[Dataset entries]

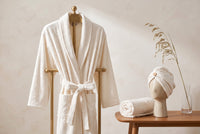 Trendiest spa bathrobe set in cream with matching shower cap and face towel on a wooden stand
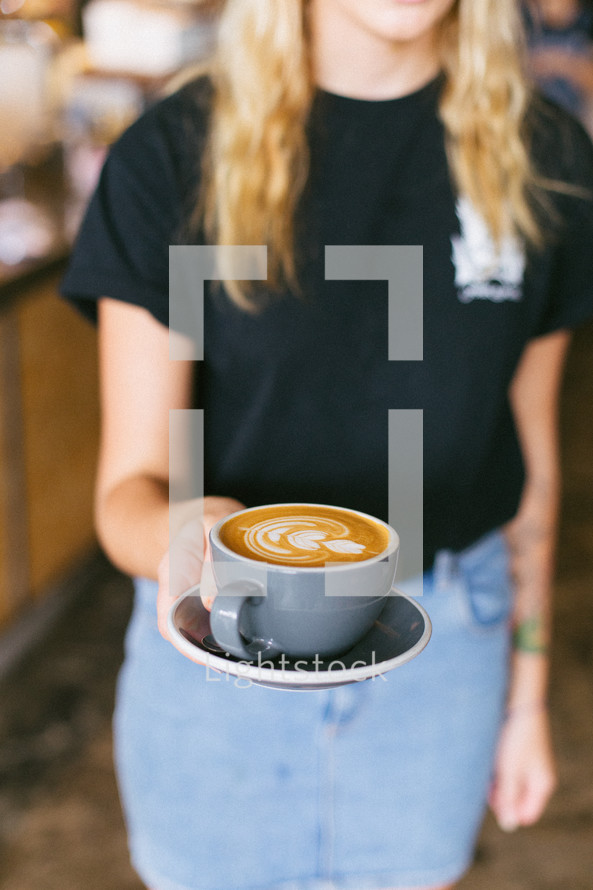 woman holding cappuccino in a mug 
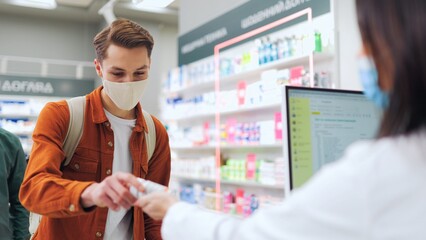 Man in protective mask and having fever symptoms. Male customer buying pills by medical...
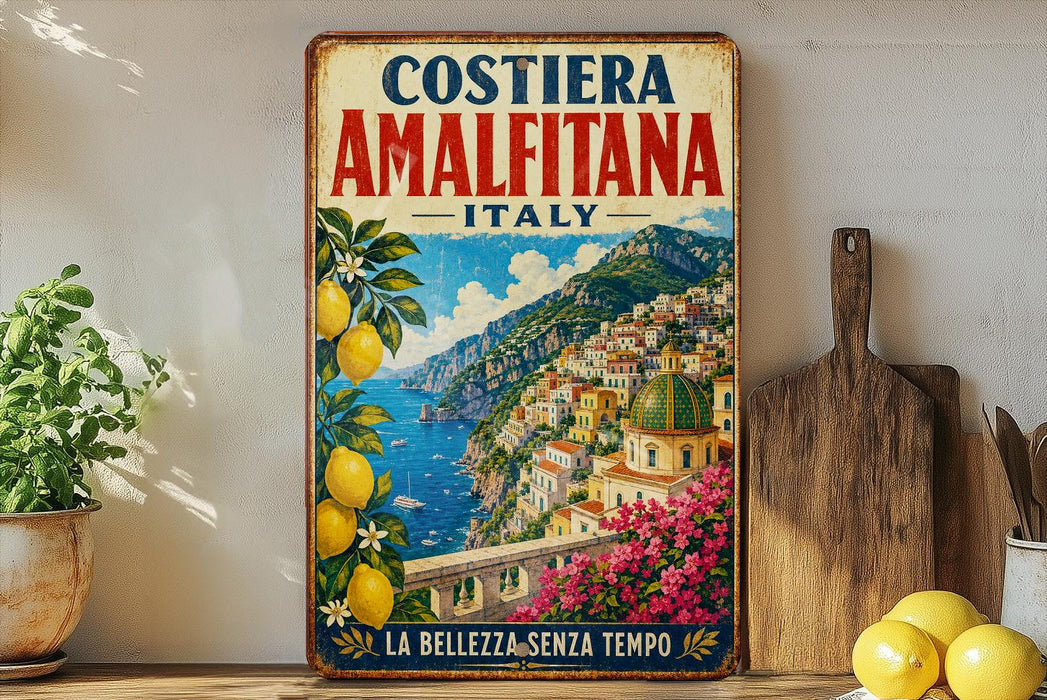 A vintage-style metal sign with a colorful illustration of the Amalfitana island in Italy, featuring a scenic view of the coastline and buildings.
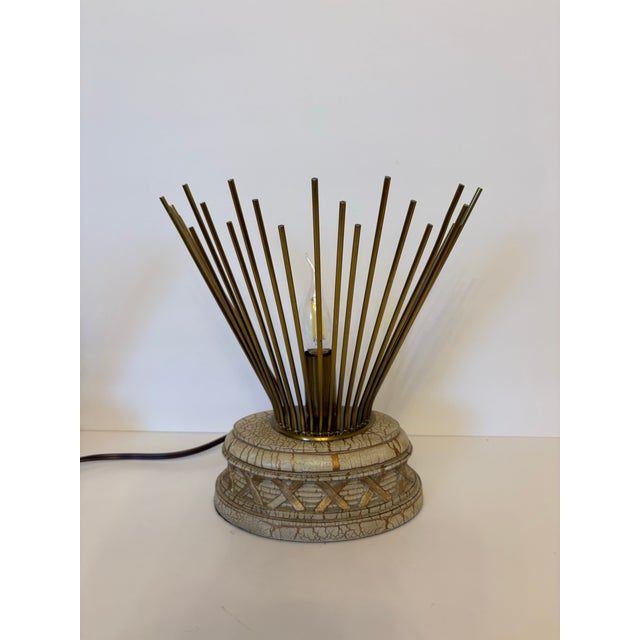 This pair of Mid-Century Modern inspired desk lamps, often identified as the sunburst or starburst style and they feature...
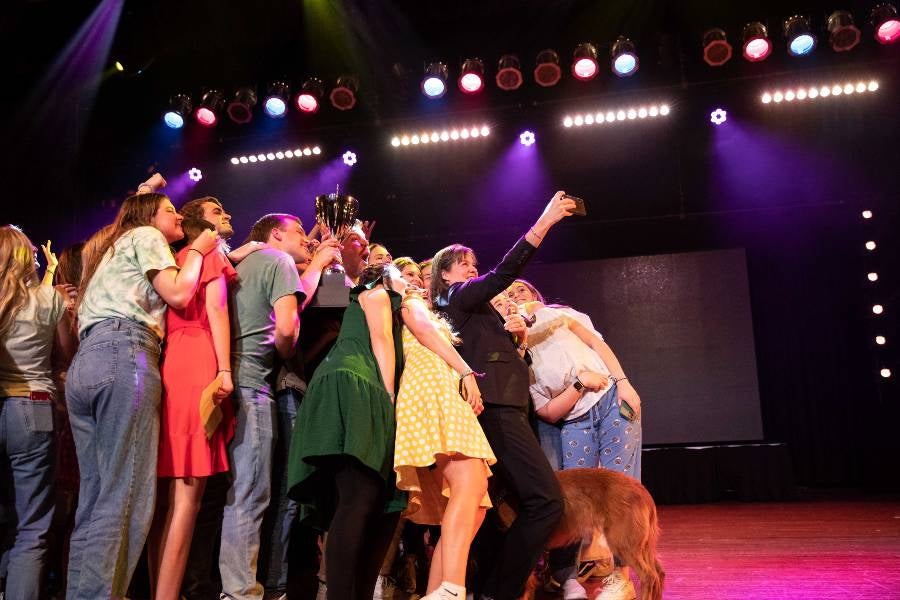 President McQueen takes a selfie with students after the Singarama finale.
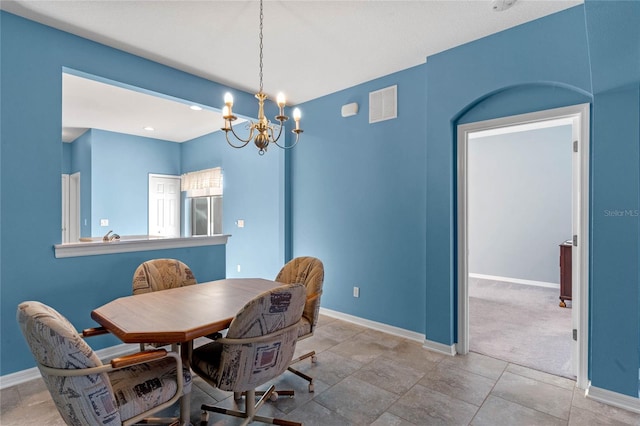 dining area featuring visible vents, a notable chandelier, and baseboards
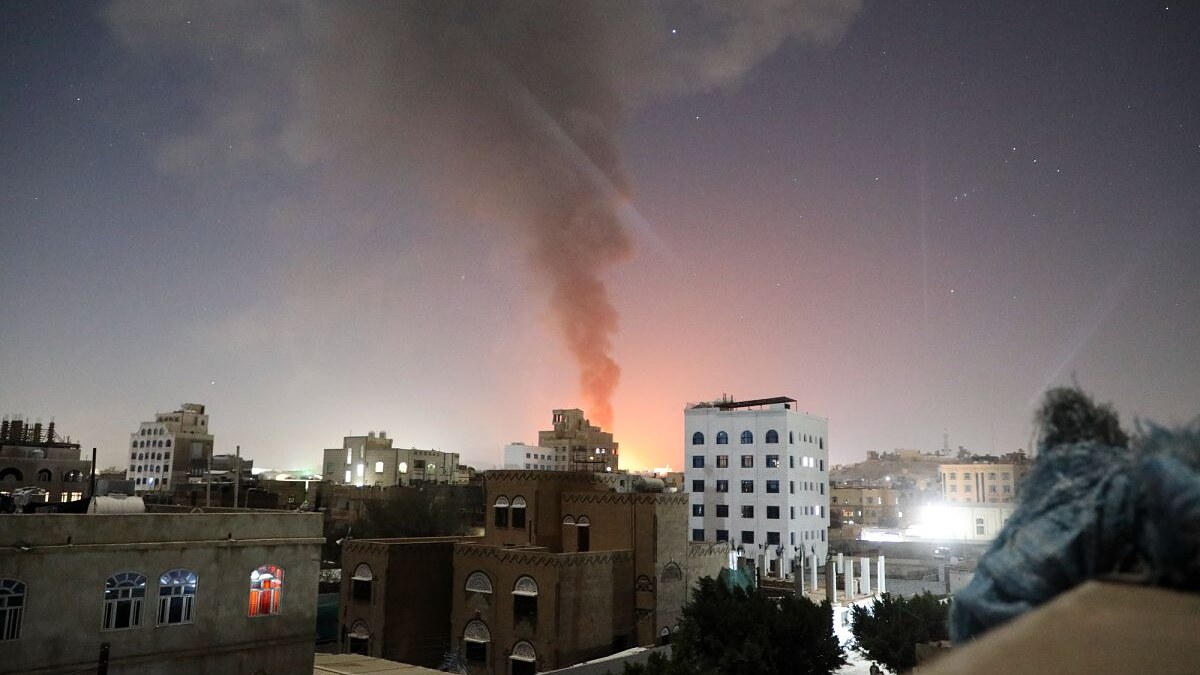 Smoke rising above Sanaa in a real file photograph from an earlier air strike on Yemen's capital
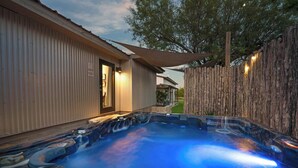 Een hottubgedeelte met een houten terras, een metalen hek en een gebouw met een deur.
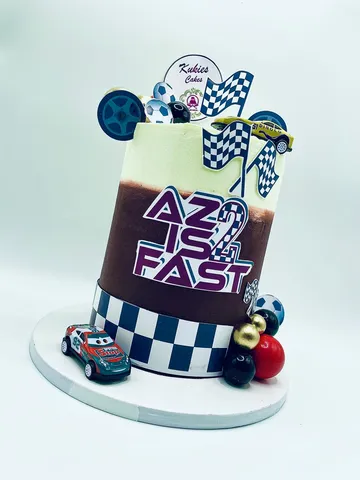 Mint and brown racing themed cake with toy race cars for a 2nd birthday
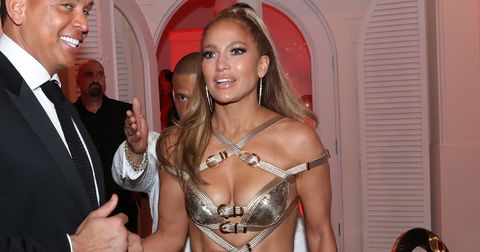 Jennifer Lopez wears sexy gold dress for 50th birthday
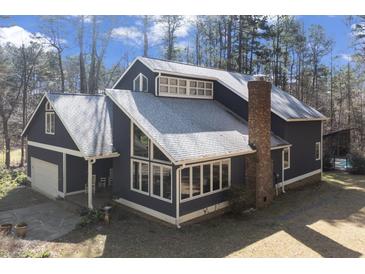 Stunning home exterior with unique architectural details, many windows and a stone chimney at 1000 Phils Creek Rd, Chapel Hill, NC 27516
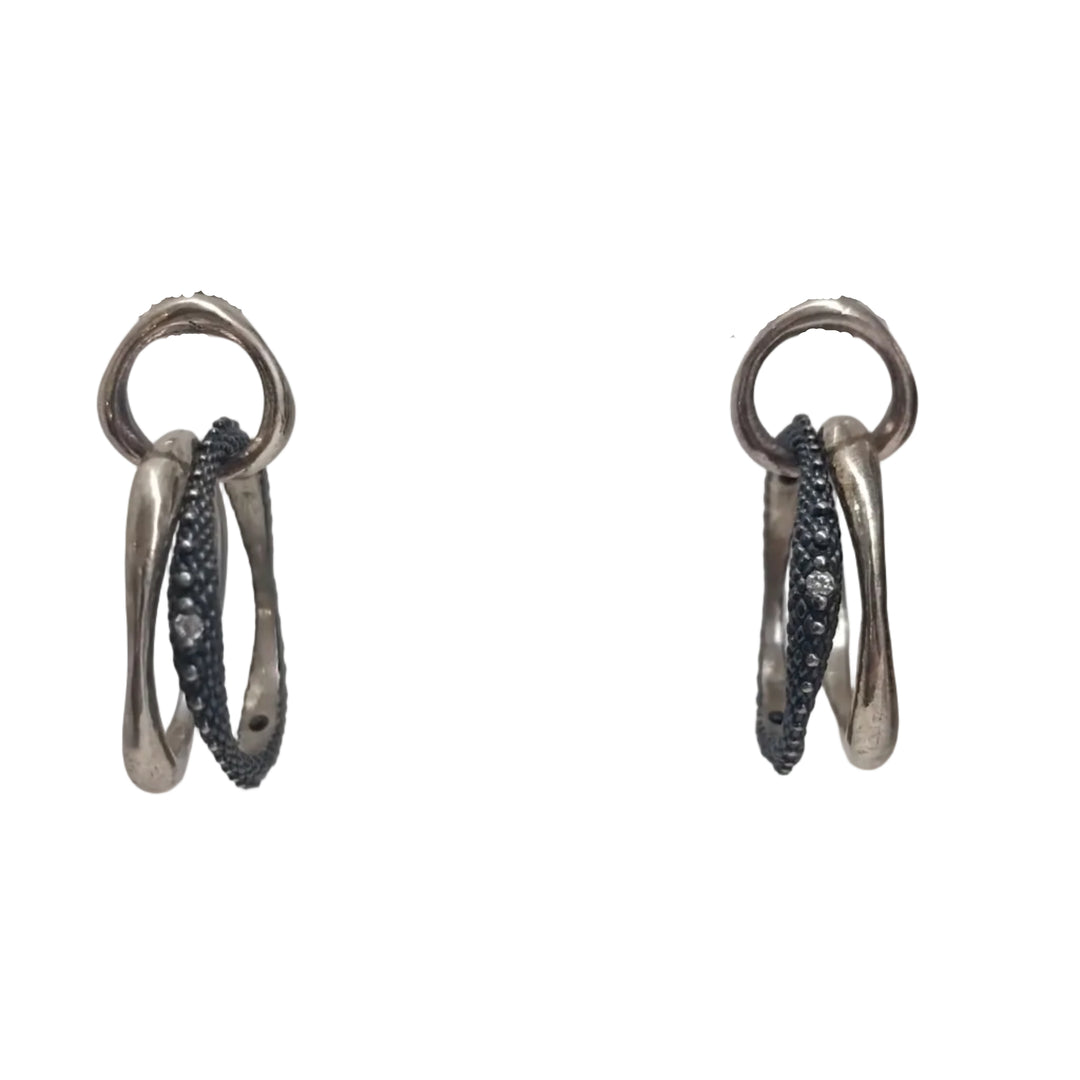 The K.And Textured & Oxidised Interlocking Circle Earrings with CZ feature two sterling silver loops—one smooth, one dark and CZ-encrusted—dangled stylishly against a white background.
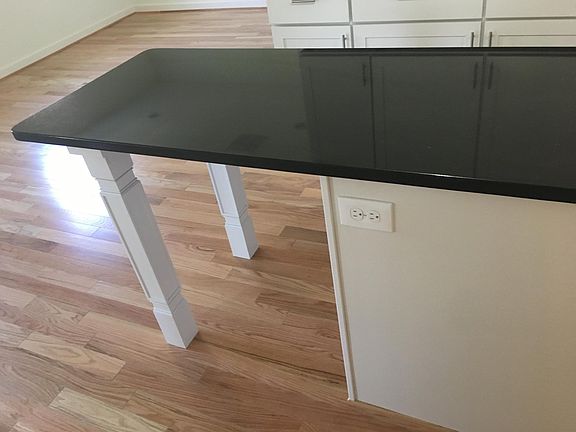 Granite countertops. Space for barstools.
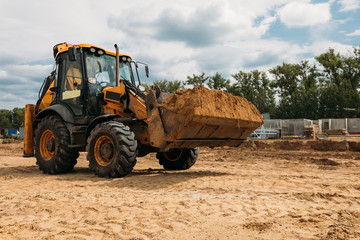 Obraz premium yellow tractor at a construction site on a sunny day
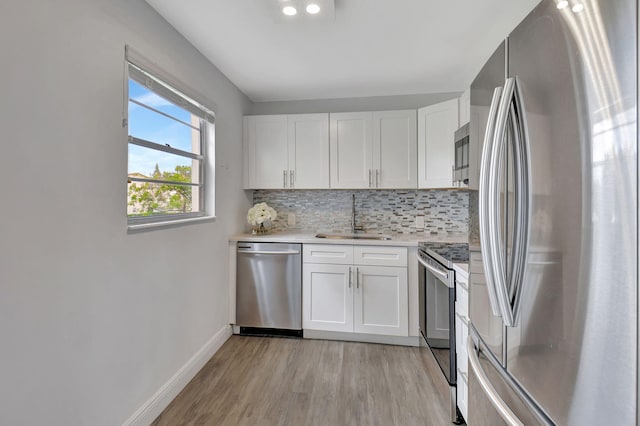 kitchen with appliances with stainless steel finishes, sink, white cabinets, decorative backsplash, and light hardwood / wood-style flooring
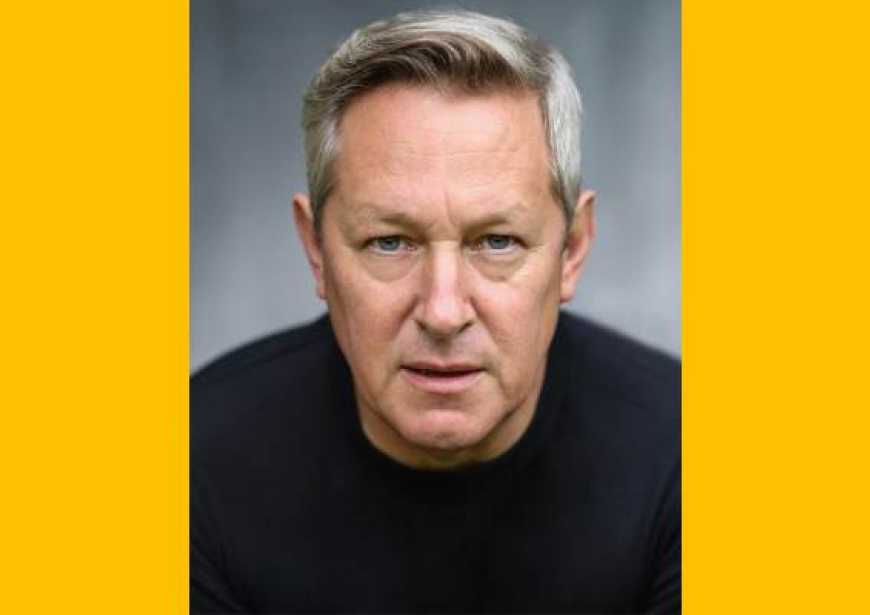 A headshot of a white man with cropped gray hair wearing a black top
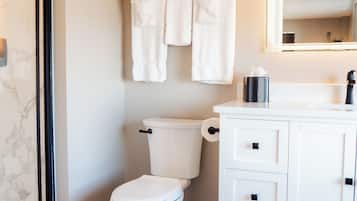 Une salle de bain avec des toilettes, un meuble blanc avec des tiroirs, un porte-serviettes avec des serviettes et un miroir au-dessus du lavabo.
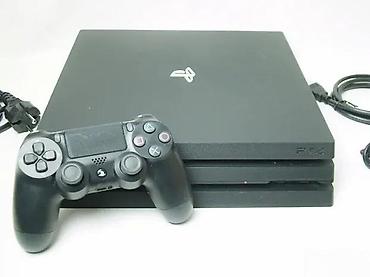 second hand shop electronics: U ponudi je Sony PlayStation 4 sa naslova. Konzola je novija FAT — 5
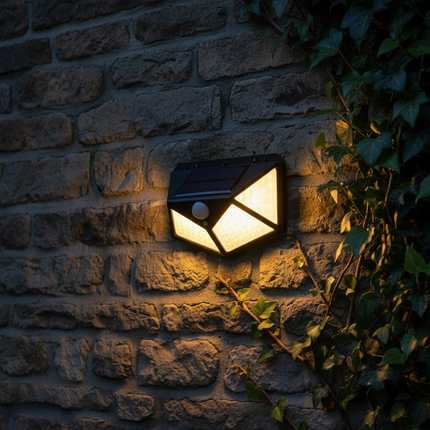 Close-up of solar light on stone wall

[/Dataset entries]

[Your objective]
Restate word for word every line from the one with "dining area featuring" up to and including the one with "Jennifer Lopez wears" in the records above, minus the pictures.

[Response below]
 dining area featuring visible vents, a notable chandelier, and baseboards
 Smoke rising above Sanaa in a real file photograph from an earlier air strike on Yemen's capital
 Een hottubgedeelte met een houten terras, een metalen hek en een gebouw met een deur.
 Mint and brown racing themed cake with toy race cars for a 2nd birthday
 Jennifer Lopez wears sexy gold dress for 50th birthday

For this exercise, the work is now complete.